BEGIN Data to examine

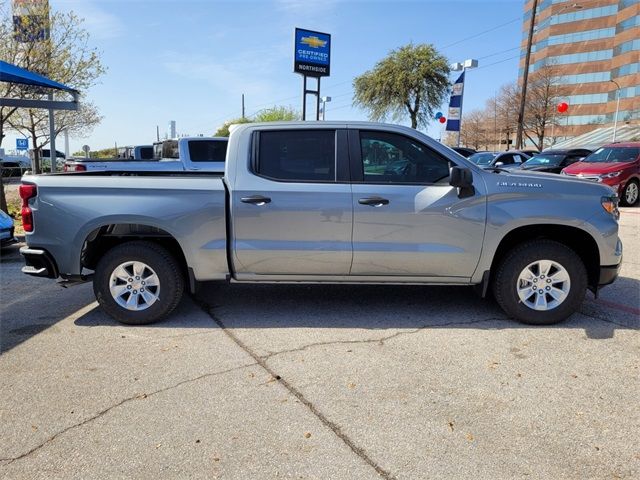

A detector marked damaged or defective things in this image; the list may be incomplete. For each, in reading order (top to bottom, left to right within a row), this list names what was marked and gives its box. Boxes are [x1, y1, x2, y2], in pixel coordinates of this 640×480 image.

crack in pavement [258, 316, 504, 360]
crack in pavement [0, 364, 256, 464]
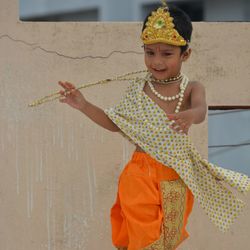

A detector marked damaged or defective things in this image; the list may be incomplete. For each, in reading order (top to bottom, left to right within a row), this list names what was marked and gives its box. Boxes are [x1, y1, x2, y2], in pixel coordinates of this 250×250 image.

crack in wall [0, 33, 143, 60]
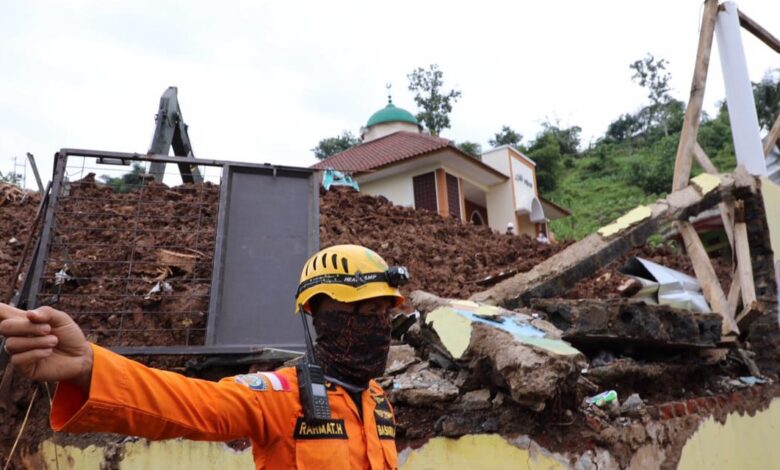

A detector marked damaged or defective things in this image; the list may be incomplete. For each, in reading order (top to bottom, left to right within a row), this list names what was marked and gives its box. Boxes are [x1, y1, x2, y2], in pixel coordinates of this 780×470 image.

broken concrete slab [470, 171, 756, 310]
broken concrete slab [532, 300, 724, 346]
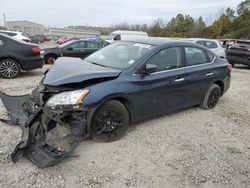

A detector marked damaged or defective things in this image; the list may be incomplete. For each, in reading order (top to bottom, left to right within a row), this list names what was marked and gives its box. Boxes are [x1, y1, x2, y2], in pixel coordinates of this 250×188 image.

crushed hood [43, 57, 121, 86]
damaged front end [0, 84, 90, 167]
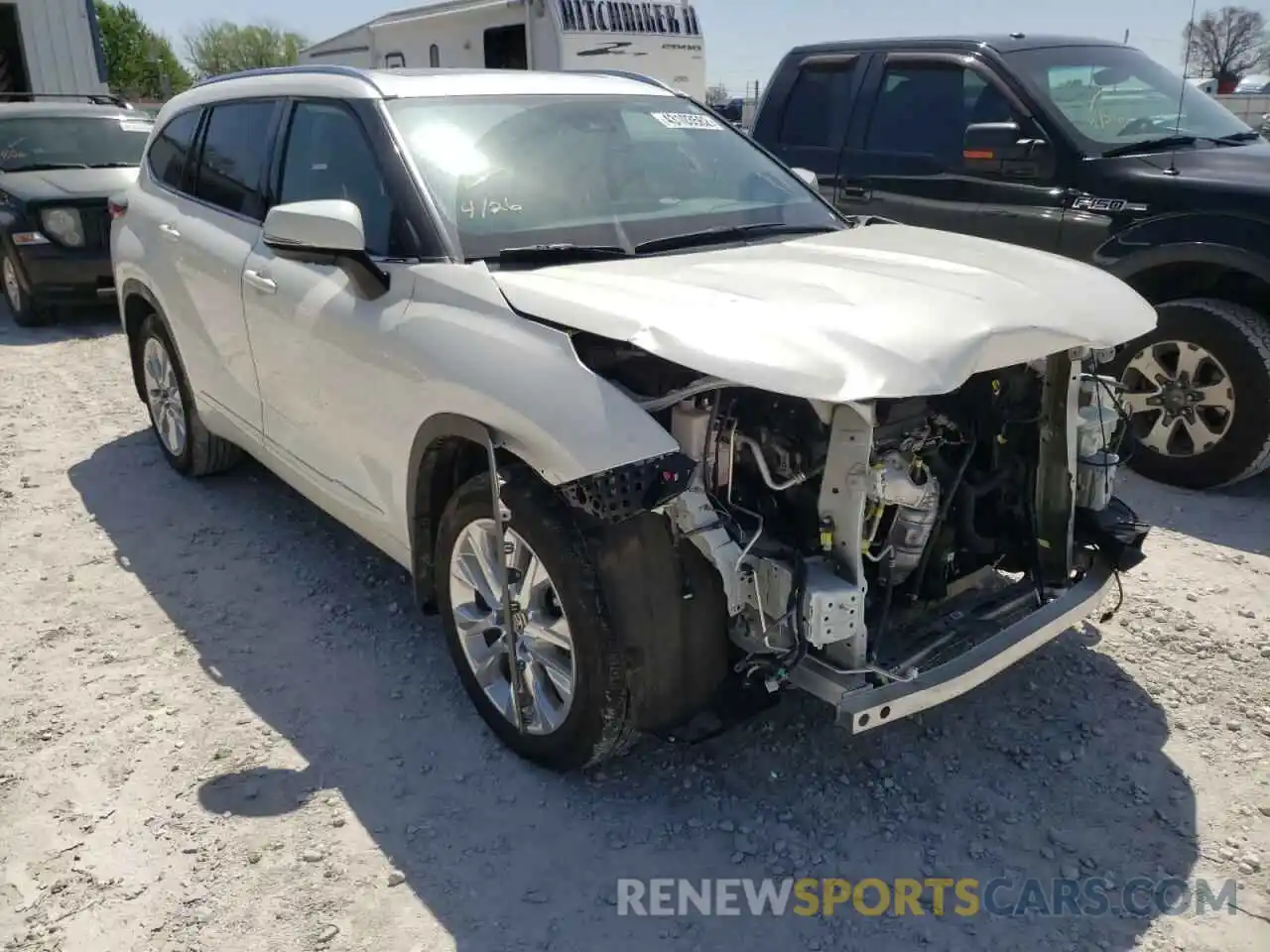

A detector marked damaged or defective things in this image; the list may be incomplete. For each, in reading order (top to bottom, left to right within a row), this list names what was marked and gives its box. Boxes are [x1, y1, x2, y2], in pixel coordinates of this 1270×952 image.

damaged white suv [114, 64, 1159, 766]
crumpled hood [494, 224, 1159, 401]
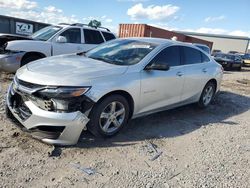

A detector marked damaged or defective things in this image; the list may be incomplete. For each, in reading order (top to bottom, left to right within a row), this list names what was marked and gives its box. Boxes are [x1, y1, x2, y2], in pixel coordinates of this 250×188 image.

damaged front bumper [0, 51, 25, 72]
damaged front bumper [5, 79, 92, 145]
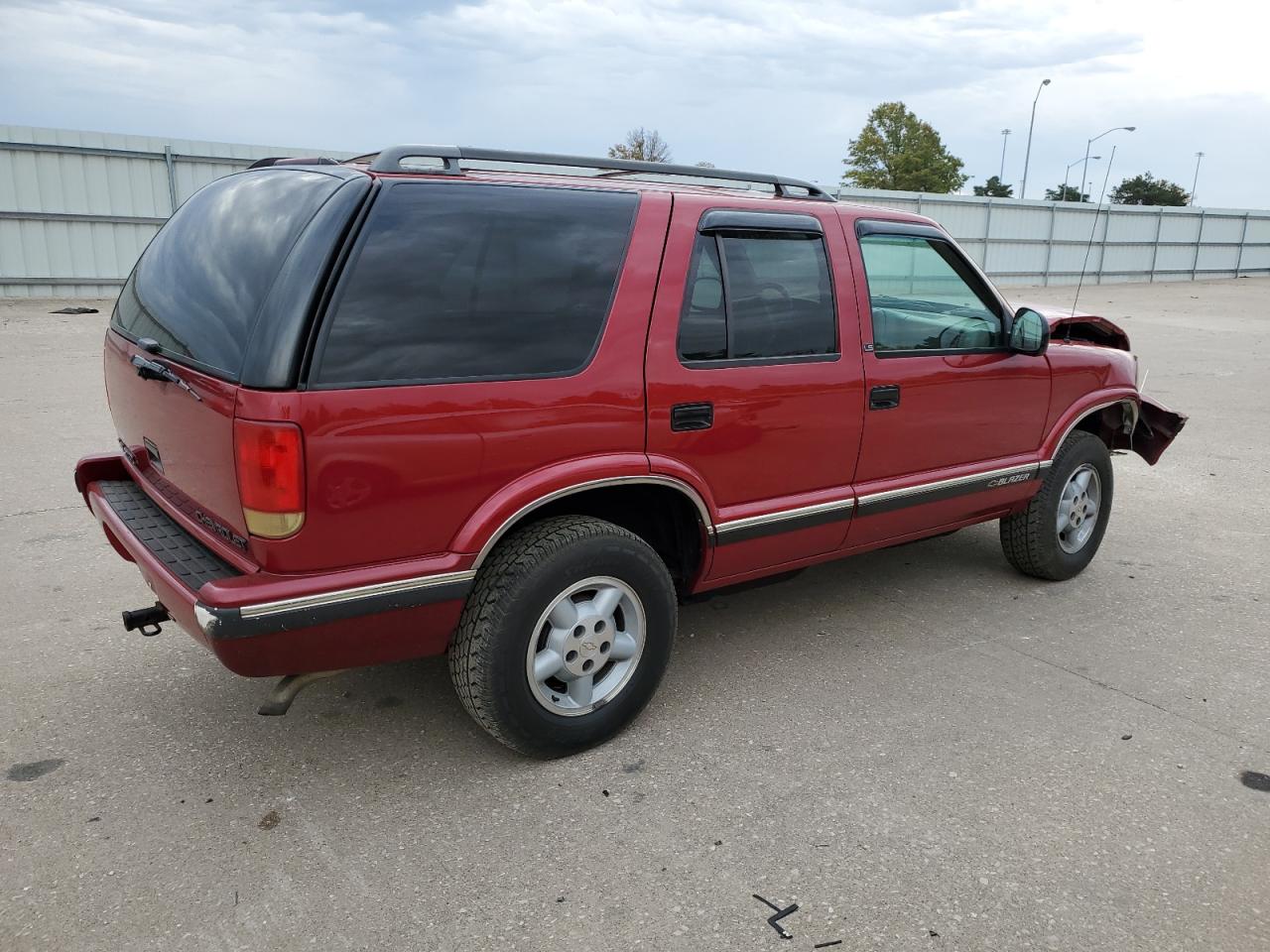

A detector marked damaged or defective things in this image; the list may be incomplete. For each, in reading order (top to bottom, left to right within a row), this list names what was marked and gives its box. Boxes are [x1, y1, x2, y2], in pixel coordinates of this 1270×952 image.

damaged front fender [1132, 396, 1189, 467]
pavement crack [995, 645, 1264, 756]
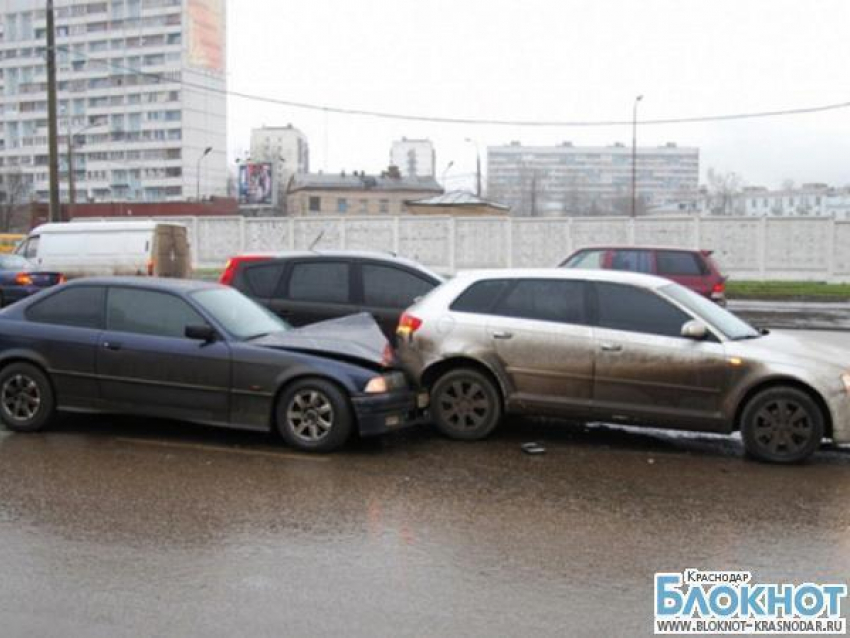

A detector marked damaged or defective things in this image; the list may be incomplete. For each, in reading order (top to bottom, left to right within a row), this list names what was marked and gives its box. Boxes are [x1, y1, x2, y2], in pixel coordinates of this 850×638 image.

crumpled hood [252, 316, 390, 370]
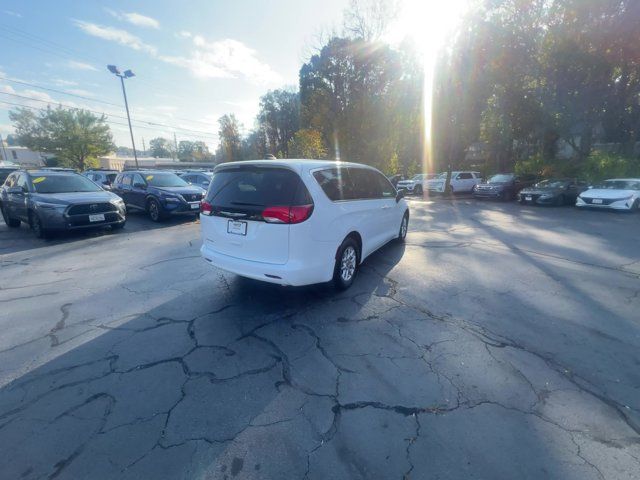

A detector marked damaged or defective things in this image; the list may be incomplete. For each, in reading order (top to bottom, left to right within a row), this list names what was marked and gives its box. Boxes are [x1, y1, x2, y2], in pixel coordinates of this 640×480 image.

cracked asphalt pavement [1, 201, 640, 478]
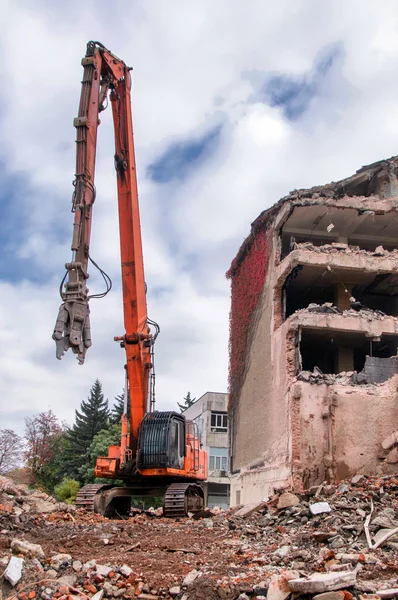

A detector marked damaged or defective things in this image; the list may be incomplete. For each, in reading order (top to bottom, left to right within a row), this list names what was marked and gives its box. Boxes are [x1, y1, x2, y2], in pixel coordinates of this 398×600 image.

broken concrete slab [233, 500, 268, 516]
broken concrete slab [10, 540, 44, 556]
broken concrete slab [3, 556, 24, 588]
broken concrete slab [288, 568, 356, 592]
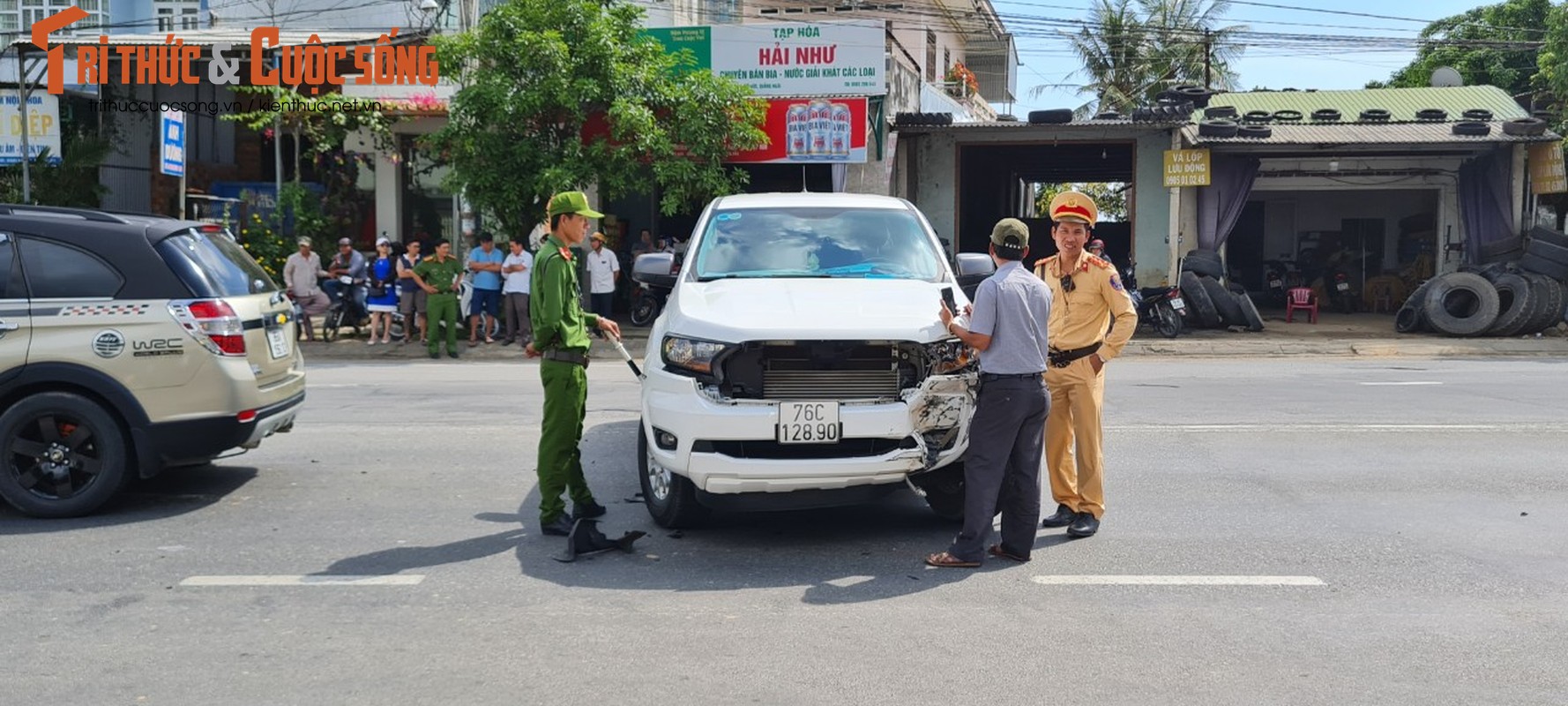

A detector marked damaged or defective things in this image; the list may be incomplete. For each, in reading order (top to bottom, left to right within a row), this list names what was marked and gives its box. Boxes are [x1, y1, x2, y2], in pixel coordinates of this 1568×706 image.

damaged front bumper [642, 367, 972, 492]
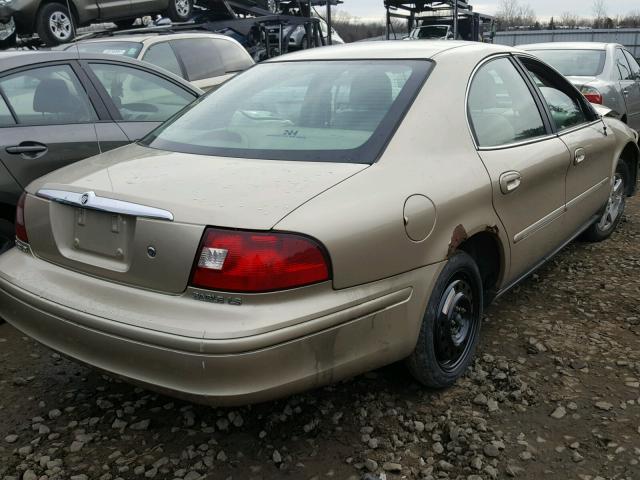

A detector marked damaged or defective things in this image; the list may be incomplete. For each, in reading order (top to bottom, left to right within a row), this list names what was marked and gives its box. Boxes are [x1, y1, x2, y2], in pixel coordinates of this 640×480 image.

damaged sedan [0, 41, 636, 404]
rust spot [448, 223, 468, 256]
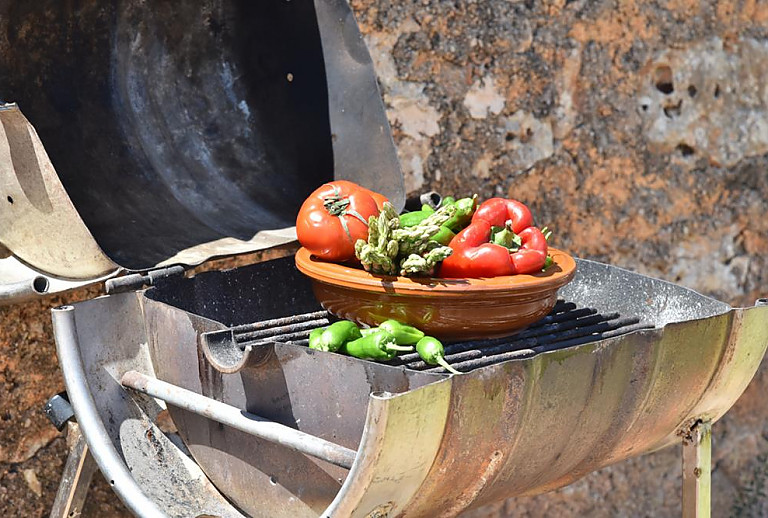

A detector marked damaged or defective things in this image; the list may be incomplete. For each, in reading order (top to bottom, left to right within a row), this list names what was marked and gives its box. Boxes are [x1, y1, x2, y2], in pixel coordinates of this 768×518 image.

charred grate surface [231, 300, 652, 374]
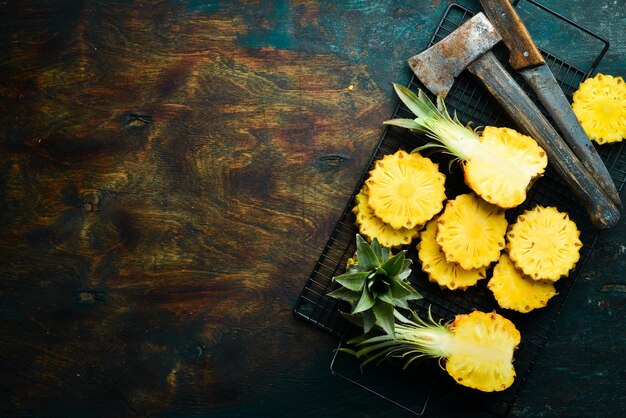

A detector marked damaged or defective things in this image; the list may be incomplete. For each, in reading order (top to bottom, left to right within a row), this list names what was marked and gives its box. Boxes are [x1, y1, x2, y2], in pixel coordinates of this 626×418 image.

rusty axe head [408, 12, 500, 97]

END Data to examine

The pictures stay out; copy the rest of the data word for word.

### Exercise solution
A detector marked damaged or defective things in this image; the list may be incomplete. For each, in reading order (top to bottom, left to right within a row), this list names what was marked and gives its box. Boxes are [x1, y1, x2, y2], in pixel coordinates of this 640×480 image.

crack in pavement [258, 316, 504, 360]
crack in pavement [0, 364, 256, 464]

A detector marked damaged or defective things in this image; the list may be incomplete. For each, in reading order (top to bottom, left to right within a row), this list names what was marked and gives its box. Boxes are [x1, y1, x2, y2], in pixel coordinates of this 250×250 image.

crack in wall [0, 33, 143, 60]

A detector marked damaged or defective things in this image; the list may be incomplete. For each, in reading order (top to bottom, left to right within a row), this list names what was marked and gives its box. Boxes are [x1, y1, x2, y2], in pixel coordinates of this 780×470 image.

broken concrete slab [470, 171, 756, 310]
broken concrete slab [532, 300, 724, 346]

A detector marked damaged or defective things in this image; the list may be incomplete. For each, in reading order (top to bottom, left to right within a row), this list names what was marked and gives its box. Boxes are [x1, y1, x2, y2], in pixel coordinates of this 250×188 image.

crushed hood [43, 57, 121, 86]
damaged front end [0, 84, 90, 167]

A detector marked damaged or defective things in this image; the list may be incomplete. For each, in reading order (top to bottom, left to right within a row), this list names what was marked and gives its box. Boxes are [x1, y1, x2, y2], in pixel coordinates of this 1270×952 image.

damaged white suv [114, 64, 1159, 766]
crumpled hood [494, 224, 1159, 401]

A detector marked damaged or defective things in this image; the list may be incomplete. For each, in reading order (top to bottom, left to right within a row), this list names what was marked and gives its box. Boxes are [x1, y1, x2, y2], in pixel coordinates of this 250×188 image.

damaged front bumper [0, 51, 25, 72]
damaged front bumper [5, 79, 92, 145]

A detector marked damaged or defective things in this image; the list may be incomplete. For each, in reading order (top to bottom, left to right within a row), this list names what was marked and gives its box. Boxes are [x1, y1, x2, y2], in pixel coordinates of this 1270×952 image.

damaged front fender [1132, 396, 1189, 467]
pavement crack [995, 645, 1264, 756]

A detector marked damaged or defective things in this image; the list may be incomplete. For each, in reading order (top to bottom, left to right within a row), this list names what was marked and gives its box. Boxes are [x1, y1, x2, y2], in pixel coordinates of this 850×638 image.

crumpled hood [252, 316, 390, 370]

A detector marked damaged or defective things in this image; the list may be incomplete. For each, in reading order (top to bottom, left to right within a row), this list names what was marked and gives its box. Boxes are [x1, y1, x2, y2], in pixel coordinates of this 640×480 image.

cracked asphalt pavement [1, 201, 640, 478]

A detector marked damaged or defective things in this image; the list may be incomplete. For each, in reading order (top to bottom, left to right within a row), this list names what was marked and gives its box. Boxes are [x1, y1, x2, y2], in pixel coordinates of this 398×600 image.

broken concrete slab [233, 500, 268, 516]
broken concrete slab [10, 540, 44, 556]
broken concrete slab [3, 556, 24, 588]
broken concrete slab [288, 568, 356, 592]

A detector marked damaged or defective things in this image; the list may be incomplete. For each, in reading order (top to bottom, left to right within a row), this list names what was marked and gives its box. Boxes are [x1, y1, x2, y2], in pixel coordinates of this 1568×706 image.

damaged front bumper [642, 367, 972, 492]

A detector marked damaged or defective things in this image; the list may be incomplete. For each, in reading order (top to bottom, left to right within a row), this list names what was marked and gives its box. Boxes are [x1, y1, x2, y2], in pixel coordinates of this 640×480 image.

damaged sedan [0, 41, 636, 404]
rust spot [448, 223, 468, 256]

A detector marked damaged or defective things in this image; the list may be incomplete. For each, in reading order (top to bottom, left to right within a row), this list names what was marked and gives its box. Boxes are [x1, y1, x2, y2], in pixel coordinates of this 768×518 image.

charred grate surface [231, 300, 652, 374]

A detector marked damaged or defective things in this image; the list may be incomplete. For each, in reading order (top to bottom, left to right within a row), this list names what was marked and gives its box. Boxes are [x1, y1, x2, y2], in pixel coordinates of this 626×418 image.

rusty axe head [408, 12, 500, 97]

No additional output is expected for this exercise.